Queensland Abortion Law Change is Women's Best Hope

Queensland abortion law change is woman's best hope
Jamie Walker | August 31, 2009
Article from: The Australian

THE pregnant woman at the centre of Queensland's abortion law standoff is pinning her hopes on legislation being fast-tracked into state parliament to allay doctors' concerns about performing drug-induced terminations.

Shay, whose unborn child is so severely malformed as to have no prospect of survival, has been told the pregnancy must be aborted for the sake of her health.
But with medical abortion services suspended due to the impasse between doctors and the state government over the legality of the procedure, no hospital will admit her.
"This is not a moral issue, it is to save someone's health," her father, Gary, told The Australian.

"Everyone should get off their high horse and get my daughter into theatre. Every day that goes by is a day too long for her."

The predicament of 19 weeks pregnant Shay, 24, has added an intensely personal dimension to the legal and political imbroglio that erupted after police moved to prosecute a couple in Cairns for illegally procuring a medical abortion, prompting obstetricians to demand the scrapping of criminal sanctions on abortion.

The government will amend a section of the criminal code, exempting doctors from prosecution for performing otherwise illegal abortions, to cover recently developed medical techniques involving drugs such as RU486 and misoprostol.

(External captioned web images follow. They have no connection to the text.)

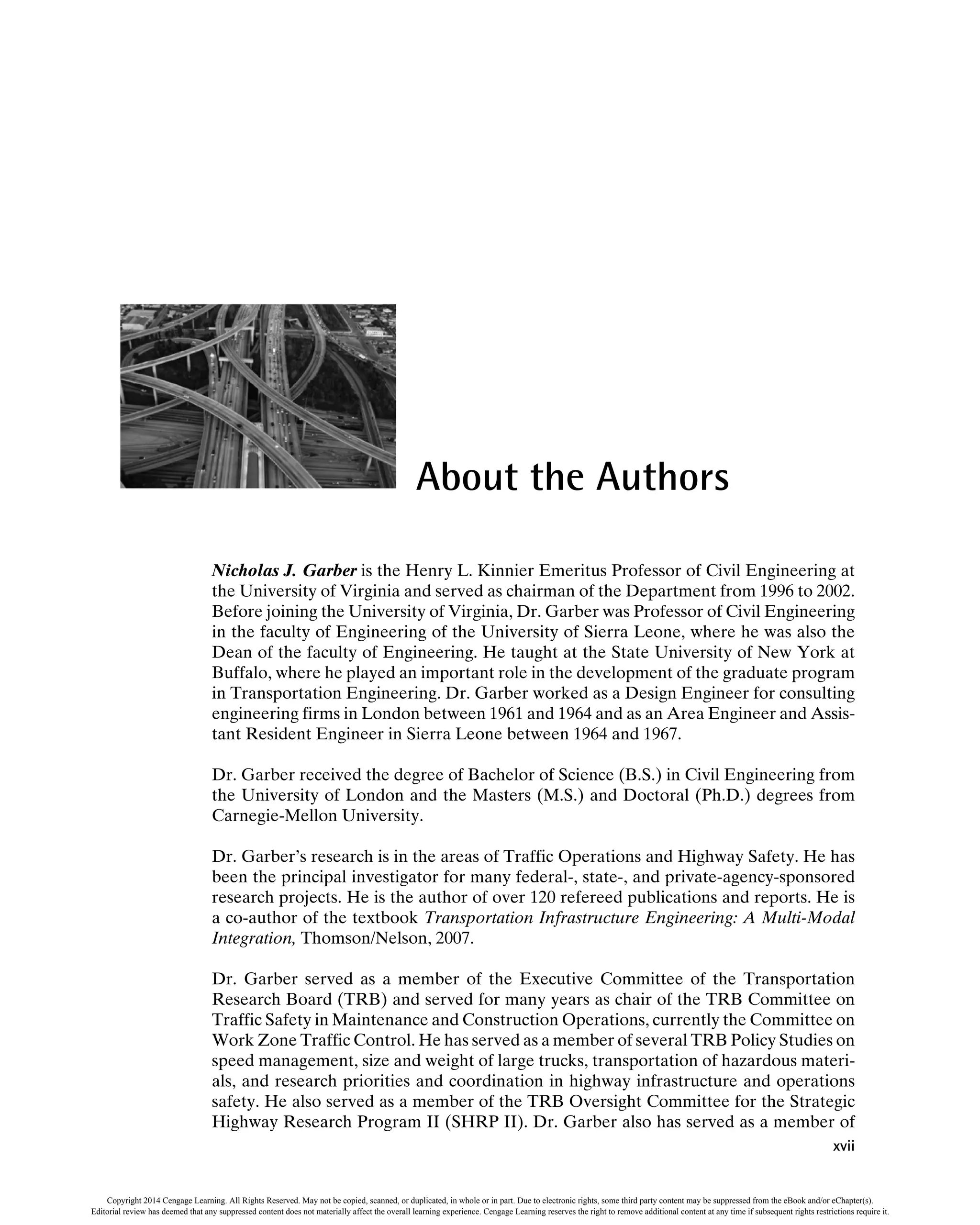 About the Authors
Nicholas J. Garber is the Henry L. Kinnier Emeritus Professor of Civil Engineering at
the University of Virginia and served as chairman of the Department from 1996 to 2002.
Before joining the University of Virginia, Dr. Garber was Professor of Civil Engineering
in the faculty of Engineering of the University of Sierra Leone, where he was also the
Dean of the faculty of Engineering. He taught at the State University of New York at
Buffalo, where he played an important role in the development of the graduate program
in Transportation Engineering. Dr. Garber worked as a Design Engineer for consulting
engineering firms in London between 1961 and 1964 and as an Area Engineer and Assis-
tant Resident Engineer in Sierra Leone between 1964 and 1967.
Dr. Garber received the degree of Bachelor of Science (B.S.) in Civil Engineering from
the University of London and the Masters (M.S.) and Doctoral (Ph.D.) degrees from
Carnegie-Mellon University.
Dr. Garber’s research is in the areas of Traffic Operations and Highway Safety. He has
been the principal investigator for many federal-, state-, and private-agency-sponsored
research projects. He is the author of over 120 refereed publications and reports. He is
a co-author of the textbook Transportation Infrastructure Engineering: A Multi-Modal
Integration, Thomson/Nelson, 2007.
Dr. Garber served as a member of the Executive Committee of the Transportation
Research Board (TRB) and served for many years as chair of the TRB Committee on
Traffic Safety in Maintenance and Construction Operations, currently the Committee on
Work Zone Traffic Control. He has served as a member of several TRB Policy Studies on
speed management, size and weight of large trucks, transportation of hazardous materi-
als, and research priorities and coordination in highway infrastructure and operations
safety. He also served as a member of the TRB Oversight Committee for the Strategic
Highway Research Program II (SHRP II). Dr. Garber also has served as a member of
xvii
Copyright 2014 Cengage Learning. All Rights Reserved. May not be copied, scanned, or duplicated, in whole or in part. Due to electronic rights, some third party content may be suppressed from the eBook and/or eChapter(s).
Editorial review has deemed that any suppressed content does not materially affect the overall learning experience. Cengage Learning reserves the right to remove additional content at any time if subsequent rights restrictions require it.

Police allege a consignment of these drugs was illegally imported by Cairns mechanic Sergie Brennan, 21, to terminate the pregnancy of his 19-year-old girlfriend Tegan Simone Leach. The couple are due to face Cairns Magistrates Court on Thursday for committal proceedings.

With state parliament sitting this week, Shay's family is hoping legislation amending section 282 of the criminal code can be rushed through, clearing the way for medical abortion services to be resumed.

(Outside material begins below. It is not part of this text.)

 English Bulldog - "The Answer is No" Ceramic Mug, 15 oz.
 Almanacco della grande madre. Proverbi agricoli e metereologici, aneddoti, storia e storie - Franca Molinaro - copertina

Shay has been told a conventional surgical abortion would increase her chances of experiencing future pregnancy and birth complications.

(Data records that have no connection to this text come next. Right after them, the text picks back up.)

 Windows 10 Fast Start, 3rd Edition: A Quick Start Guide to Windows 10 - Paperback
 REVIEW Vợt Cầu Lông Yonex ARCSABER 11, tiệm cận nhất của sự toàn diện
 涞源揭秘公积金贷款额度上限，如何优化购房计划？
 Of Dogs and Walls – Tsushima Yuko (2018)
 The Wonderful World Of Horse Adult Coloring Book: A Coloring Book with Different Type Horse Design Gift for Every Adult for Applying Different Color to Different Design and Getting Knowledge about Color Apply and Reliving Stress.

Three Queensland women have been referred interstate for treatment since Royal Brisbane and Women's Hospital stopped medical abortions last week and other hospitals followed suit, but Shay wants to be near her family for support. Brisbane obstetrician Adrienne Freeman has offered to perform a medical abortion at Shay's home or in a hotel room but the young woman says she would feel safer having it done in a hospital.

"The best outcome ... would be to let Shay have a termination in Queensland and for the doctors to know they are not going to get into trouble," her father said.

Cairns obstetrician Caroline de Costa, who has also suspended her clinical service using RU486, said yesterday amending section 282 would not remove doctors' concerns.
Royal Australian and New Zealand College of Obstetricians president Ted Weaver separately advised members "the threat of prosecution remains".

"It would not be enough for us to resume, no," Professor de Costa said of the proposed amendment to section 282. "We would still be concerned about the possibility of prosecution."

Anti-abortion group Cherish Life Queensland said "pro-abortion doctors" were running a "contrived campaign" to put pressure on the government to decriminalise abortion.
President Teresa Martin said no doctor in Queensland had been charged with an abortion-related offence since the late Peter Bayliss and Dawn Cullen faced court in 1986. The case formed one of the planks of case law that widened access to abortion, even though it remained banned by criminal statute.
"The law as it stands should be enforced," Ms Martin said.

Professor de Costa said the position of colleagues working in the public hospital sector was that they would not perform medical abortions while there was question over their legality.